• Task inputs
···

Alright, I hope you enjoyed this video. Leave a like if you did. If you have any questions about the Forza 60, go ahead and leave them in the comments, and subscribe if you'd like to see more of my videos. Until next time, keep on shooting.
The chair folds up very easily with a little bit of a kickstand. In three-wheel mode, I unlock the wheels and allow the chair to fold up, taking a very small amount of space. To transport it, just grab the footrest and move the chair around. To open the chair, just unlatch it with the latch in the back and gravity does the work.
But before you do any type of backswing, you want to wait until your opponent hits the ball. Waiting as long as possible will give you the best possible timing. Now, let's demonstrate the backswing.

···

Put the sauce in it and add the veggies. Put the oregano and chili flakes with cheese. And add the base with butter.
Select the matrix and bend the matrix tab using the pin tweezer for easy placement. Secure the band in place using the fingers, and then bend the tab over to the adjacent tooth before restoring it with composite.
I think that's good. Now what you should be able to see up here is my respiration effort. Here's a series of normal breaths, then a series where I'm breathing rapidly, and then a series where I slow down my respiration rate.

···

• What is being asked
Working from the data above, extract solely the lines from the one containing "Put the sauce" through the one containing "I think that's", exactly as they appear, both included.

• Result
Put the sauce in it and add the veggies. Put the oregano and chili flakes with cheese. And add the base with butter.
Select the matrix and bend the matrix tab using the pin tweezer for easy placement. Secure the band in place using the fingers, and then bend the tab over to the adjacent tooth before restoring it with composite.
I think that's good. Now what you should be able to see up here is my respiration effort. Here's a series of normal breaths, then a series where I'm breathing rapidly, and then a series where I slow down my respiration rate.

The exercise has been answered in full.